AIM OF THE EXERCISE:
In the entries below, begin at the line with "Waylande Gregory, Flamingo" and stop after the line with "Vaude Damen Escape Bike Warm Jacke"; output those lines exactly and omit the pictures.

*** Opening STORED DATA ***

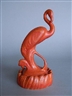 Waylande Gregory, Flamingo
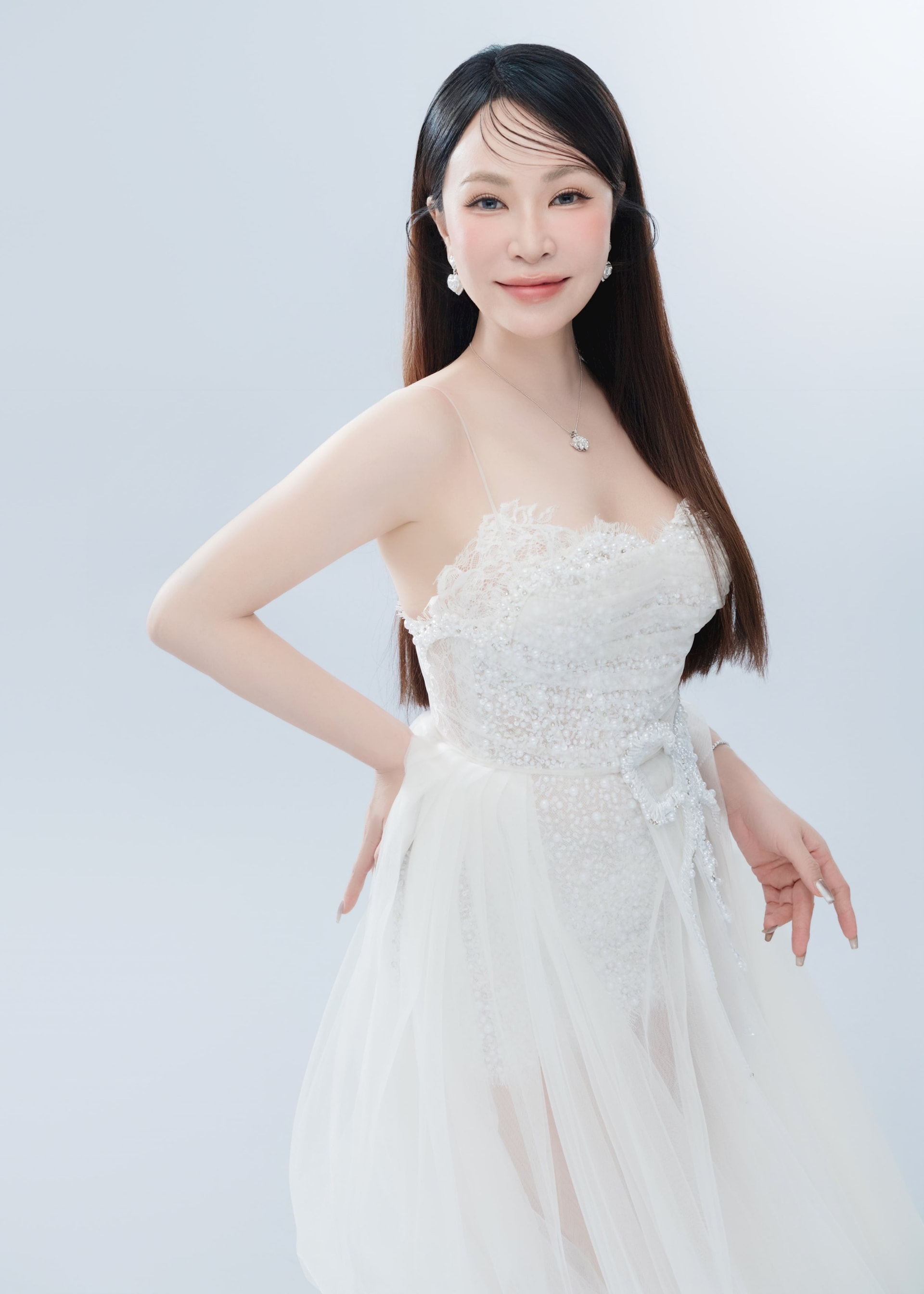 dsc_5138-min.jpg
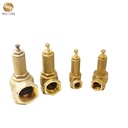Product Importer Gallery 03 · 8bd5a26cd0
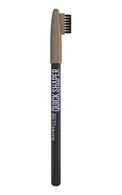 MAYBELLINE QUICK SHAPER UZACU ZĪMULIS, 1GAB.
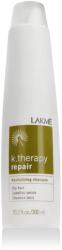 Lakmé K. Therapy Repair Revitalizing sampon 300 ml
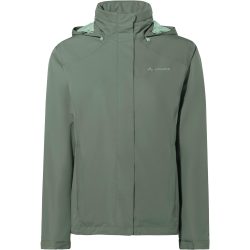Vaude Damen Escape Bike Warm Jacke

*** Closing STORED DATA ***
*** Opening STORED DATA ***

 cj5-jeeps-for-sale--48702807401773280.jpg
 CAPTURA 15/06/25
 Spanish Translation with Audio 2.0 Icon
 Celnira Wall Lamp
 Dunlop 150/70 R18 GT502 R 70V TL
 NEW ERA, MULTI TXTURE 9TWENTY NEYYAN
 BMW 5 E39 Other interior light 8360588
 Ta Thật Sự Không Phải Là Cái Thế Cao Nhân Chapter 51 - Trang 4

*** Closing STORED DATA ***

ANSWER BOX:
 Waylande Gregory, Flamingo
 dsc_5138-min.jpg
Product Importer Gallery 03 · 8bd5a26cd0
 MAYBELLINE QUICK SHAPER UZACU ZĪMULIS, 1GAB.
 Lakmé K. Therapy Repair Revitalizing sampon 300 ml
Vaude Damen Escape Bike Warm Jacke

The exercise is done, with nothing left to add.